Core points: Points that have at least min_samples points within eps distance.
Border points: Points that are within eps distance of a core point but do not have enough neighbors to be a core point themselves.
Noise points: Points that are neither core points nor border points.

Algorithm Steps

The DBSCAN algorithm works as follows:

Start with an arbitrary point that has not been visited.
Retrieve the neighborhood of this point using eps.
If the neighborhood contains at least min_samples points, mark this point as a core point and create a cluster. If not, mark this point as noise.
If a point is found to be a core point, iterate through its neighborhood points and repeat the process for each point that has not been visited.
Continue the process until all points have been visited.

Example Implementation

Let's see how DBSCAN can be implemented using Python and the scikit-learn library. We will use a simple dataset to demonstrate the clustering process.

Install scikit-learn if you haven't already:

pip install scikit-learn

Here is a complete example:

import numpy as np
import matplotlib.pyplot as plt
from sklearn.cluster import DBSCAN
from sklearn.datasets import make_blobs

# Generate sample data
centers = [[1, 1], [-1, -1], [1, -1]]
X, _ = make_blobs(n_samples=750, centers=centers, cluster_std=0.4, random_state=0)

# Compute DBSCAN
db = DBSCAN(eps=0.3, min_samples=10).fit(X)
core_samples_mask = np.zeros_like(db.labels_, dtype=bool)
core_samples_mask[db.core_sample_indices_] = True
labels = db.labels_

# Number of clusters in labels, ignoring noise if present.
n_clusters_ = len(set(labels)) - (1 if -1 in labels else 0)

print(f'Estimated number of clusters: {n_clusters_}')

# Plot result
unique_labels = set(labels)
colors = [plt.cm.Spectral(each) for each in np.linspace(0, 1, len(unique_labels))]
for k, col in zip(unique_labels, colors):
    if k == -1:
        # Black used for noise.
        col = [0, 0, 0, 1]

    class_member_mask = (labels == k)

    xy = X[class_member_mask & core_samples_mask]
    plt.plot(xy[:, 0], xy[:, 1], 'o', markerfacecolor=tuple(col),
             markeredgecolor='k', markersize=14)

    xy = X[class_member_mask & ~core_samples_mask]
    plt.plot(xy[:, 0], xy[:, 1], 'o', markerfacecolor=tuple(col),
             markeredgecolor='k', markersize=6)

plt.title(f'Estimated number of clusters: {n_clusters_}')
plt.show()

In this example:

We generate sample data using make_blobs with three centers.
We apply the DBSCAN algorithm with eps=0.3 and min_samples=10.
We plot the resulting clusters, with noise points shown in black.
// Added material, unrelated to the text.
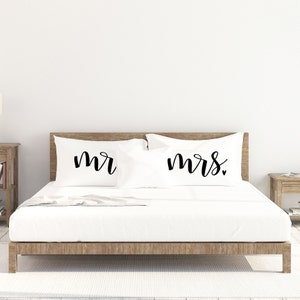 Wedding Gift, 2 Personalized Pillow Cases, His and Her Pillowcases, Mr and Mrs Pillow Set, Add Wedding Date, Custom Pillowcase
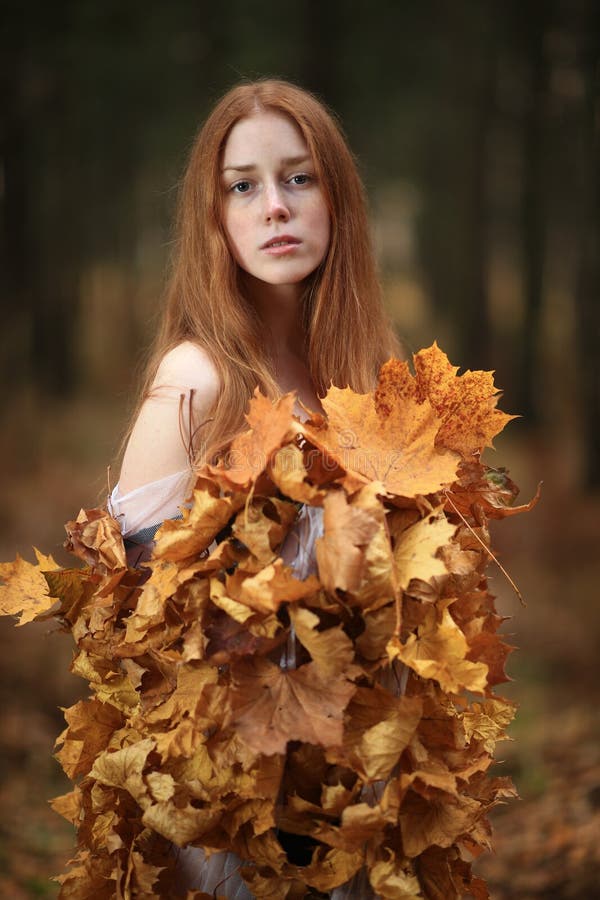 Fashion Autumn Model, Fall Leaves Dress, Beauty Girl Stock Photo ...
Advantages and Disadvantages

DBSCAN has several advantages:

It does not require the number of clusters to be specified beforehand.
It can find arbitrarily shaped clusters.
It is robust to outliers.

However, DBSCAN also has some disadvantages:

It may struggle with clusters of varying density, as the same eps and min_samples may not apply to all clusters.
It can be computationally expensive for large datasets.

Conclusion

DBSCAN is a powerful and versatile clustering algorithm suitable for many types of data. It is particularly useful when the number of clusters is unknown and when dealing with noisy data. By understanding its parameters and how it works, you can effectively apply DBSCAN to your own datasets to discover meaningful patterns and structures.